From above LLVM bitcode, we can see that @fastmath changed the computation steps for floating numbers, and use less processing steps for them. In Q3.2, there are 20 steps for g(2.0) while only 2 steps are conducted. The julia files indicate that @fastmath is allowing floating point optimizations that are correct for real numbers but lead to differences for IEEE numbers. And I checked the file "fastmath.jl" (https://github.com/JuliaLang/julia/blob/master/base/fastmath.jl#L31), they are using some transformed version of the expression for floating numbers. And I think this is the reason why it gives us a fast result.

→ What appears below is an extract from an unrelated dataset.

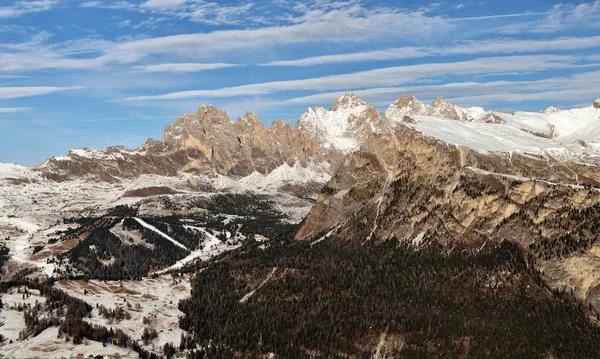 Passo Sella Peak en la estación de esquí de Canazei, Alpes Dolomitas, Italia —  Fotos de Stock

## Q4. Evaluating a polynomial

Create the vector `x = (0.988, 0.989, 0.990, ..., 1.010, 1.011, 1.012)`.   

1. Plot the polynomial `y = x^7 - 7x^6 + 21x^5 - 35x^4 + 35x^3 - 21x^2 + 7x - 1` at points `x`.  

2. Plot the polynomial `y = (x - 1)^7` at points `x`.  

3. Explain what you found.

## Q5. Woodbury formula

Demonstrate the following results in Julia (one numerical example for each fact). Mathematically curious ones are encouraged to prove them. 

1. **Sherman-Morrison formula**:
$$
	(\mathbf{A} + \mathbf{u} \mathbf{u}^T)^{-1} = \mathbf{A}^{-1} - \frac{1}{1 + \mathbf{u}^T \mathbf{A}^{-1} \mathbf{u}} \mathbf{A}^{-1} \mathbf{u} \mathbf{u}^T \mathbf{A}^{-1},
$$
where $\mathbf{A} \in \mathbb{R}^{n \times n}$ is nonsingular and $\mathbf{u} \in \mathbb{R}^n$. This formula supplies the inverse of the symmetric, rank-one  perturbation of $\mathbf{A}$.

2. **Woodbury formula**:
$$
	(\mathbf{A} + \mathbf{U} \mathbf{V}^T)^{-1} = \mathbf{A}^{-1} - \mathbf{A}^{-1} \mathbf{U} (\mathbf{I}_m + \mathbf{V}^T \mathbf{A}^{-1} \mathbf{U})^{-1} \mathbf{V}^T \mathbf{A}^{-1},
$$
where $\mathbf{A} \in \mathbb{R}^{n \times n}$ is nonsingular, $\mathbf{U}, \mathbf{V} \in \mathbb{R}^{n \times m}$, and $\mathbf{I}_m$ is the $m \times m$ identity matrix. In many applications $m$ is much smaller than $n$. Woodbury formula generalizes Sherman-Morrison and is valuable because the smaller matrix $\mathbf{I}_m + \mathbf{V}^T \mathbf{A}^{-1} \mathbf{U}$ is cheaper to invert than the larger matrix $\mathbf{A} + \mathbf{U} \mathbf{V}^T$.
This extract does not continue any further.